**Records for processing**
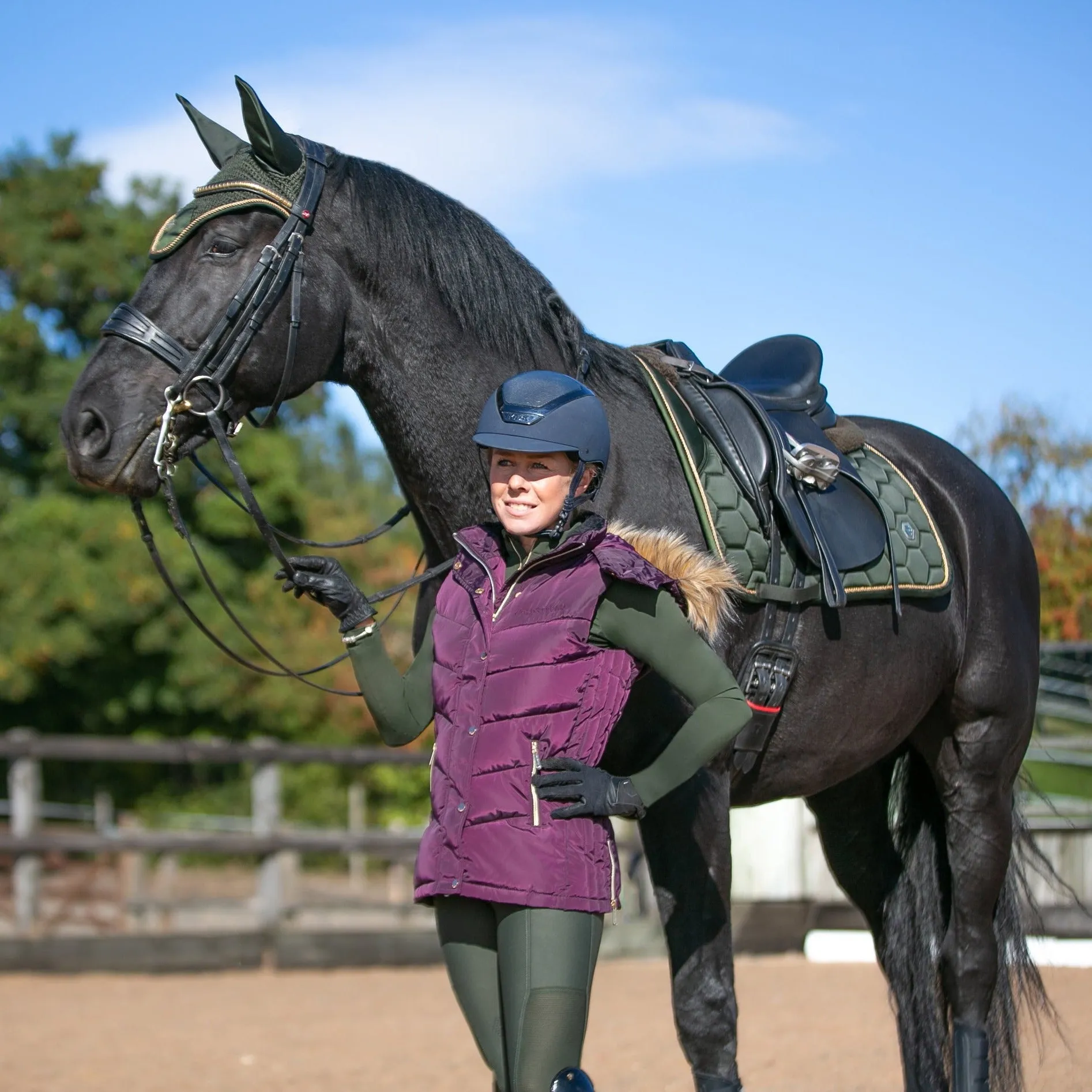 Coldstream Leitholm Quilted Gilet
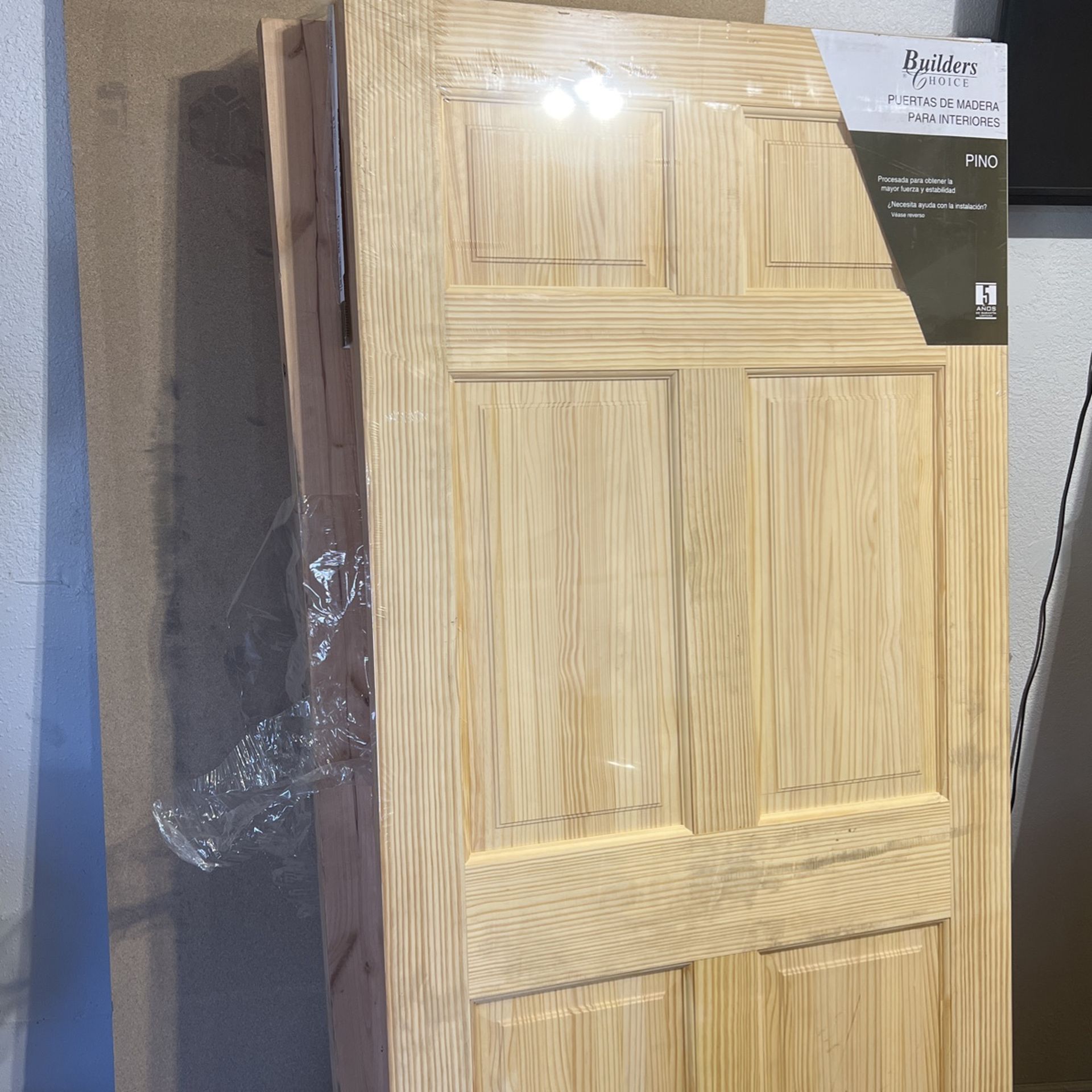 Solid Wood Door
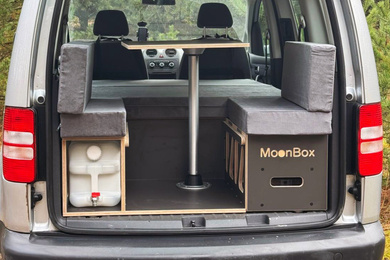 Box kempingowy - Moonbox MiniVan 111cm Modify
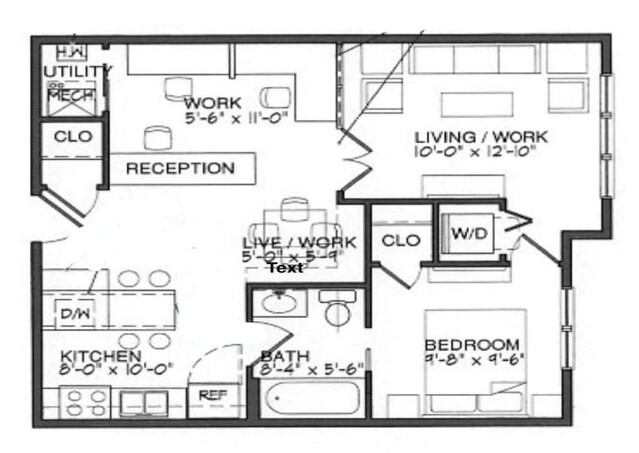 1 Bedroom A1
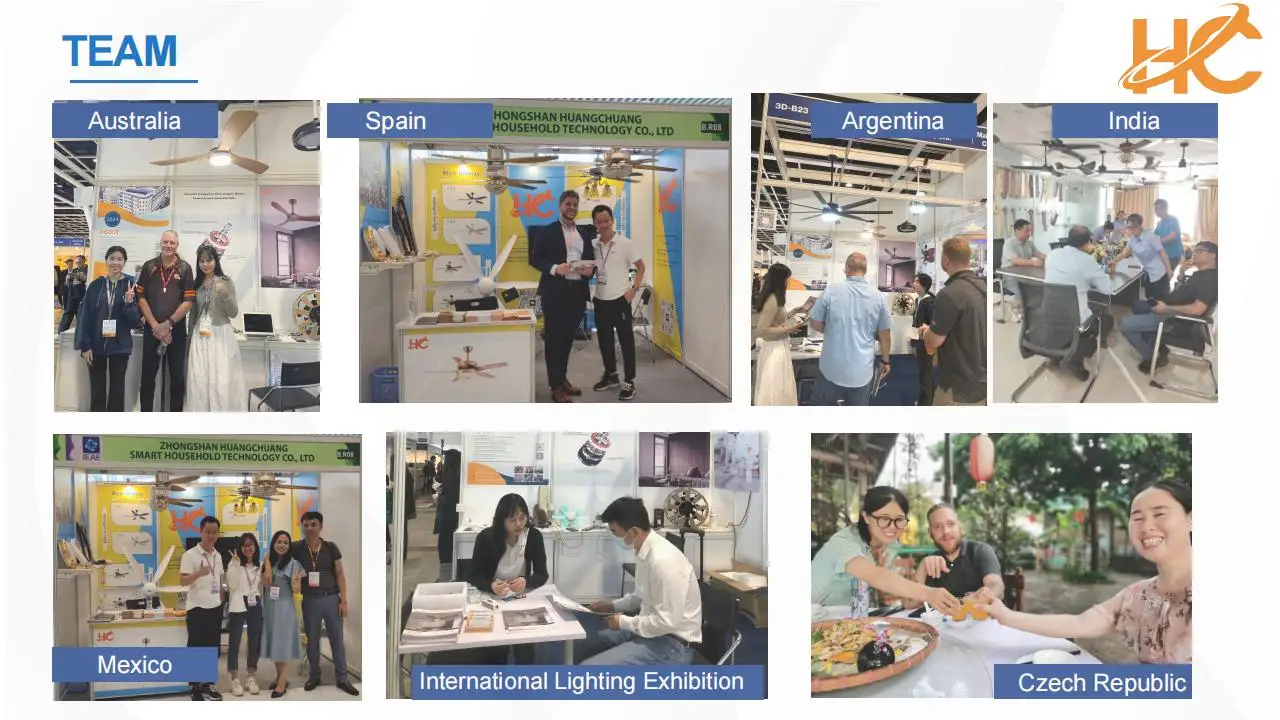 Trade show participation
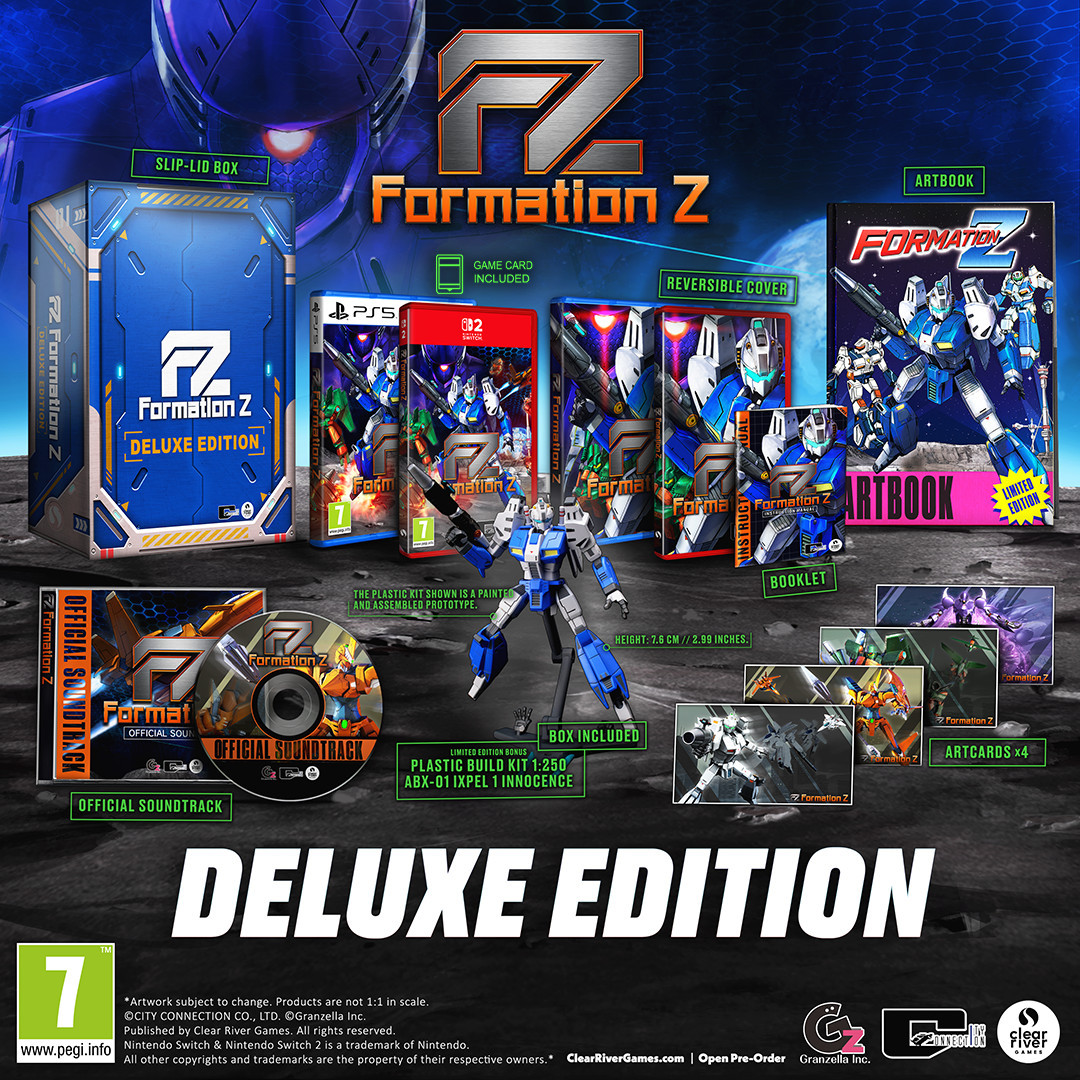 Formation Z Deluxe Edition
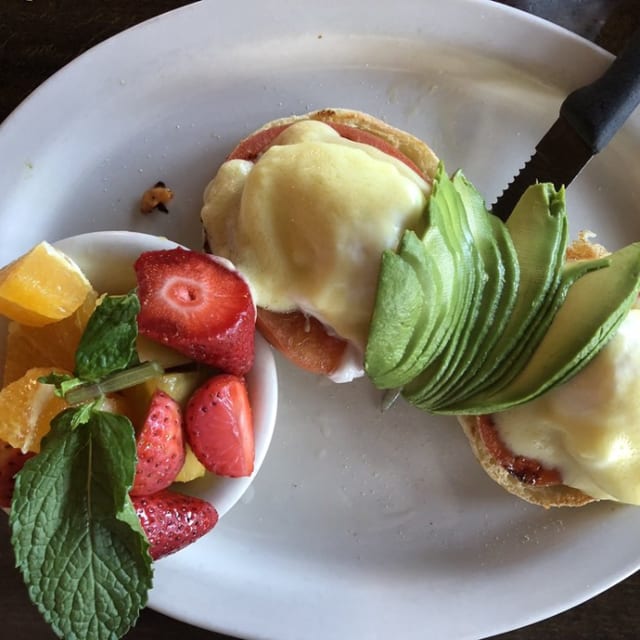 California Benedict.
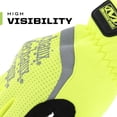 thumbnail image 2 of Guantes de trabajo Mechanix Wear Hi-Viz FastFit de alta visibilidad, 2 of 7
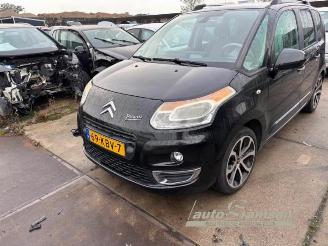 damaged passenger cars Citroën C3 picasso C3 Picasso (SH), MPV, 2008 / 2017 1.4 16V VTI 95 2009/10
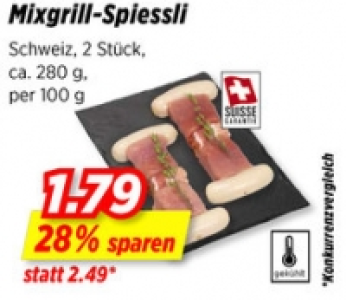 Mixgrill-Spiessli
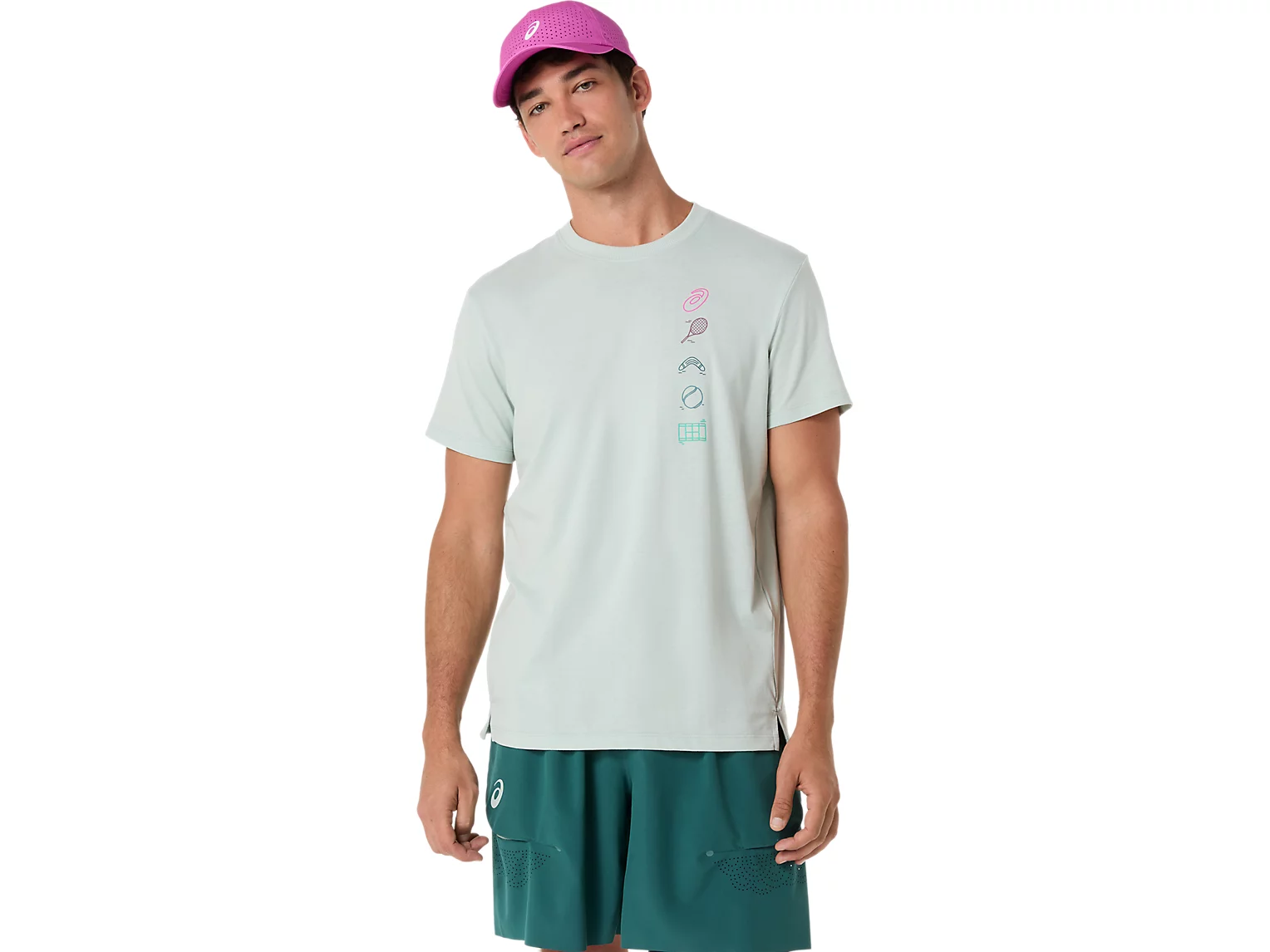 GAME SEASONAL GRAPHIC TEE - Homme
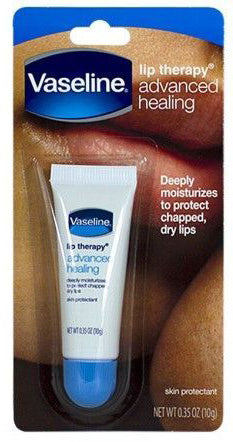 VASELINE LIP THERAPY ADVANCED 0.35 OZ. CS12 / UOM C12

**Work task**
For your answer, write out the data exactly and drop every picture.

**Task answer**
 Coldstream Leitholm Quilted Gilet
 Solid Wood Door
 Box kempingowy - Moonbox MiniVan 111cm Modify
 1 Bedroom A1
 Trade show participation
 Formation Z Deluxe Edition
 California Benedict.
 thumbnail image 2 of Guantes de trabajo Mechanix Wear Hi-Viz FastFit de alta visibilidad, 2 of 7
 damaged passenger cars Citroën C3 picasso C3 Picasso (SH), MPV, 2008 / 2017 1.4 16V VTI 95 2009/10
 Mixgrill-Spiessli
 GAME SEASONAL GRAPHIC TEE - Homme
 VASELINE LIP THERAPY ADVANCED 0.35 OZ. CS12 / UOM C12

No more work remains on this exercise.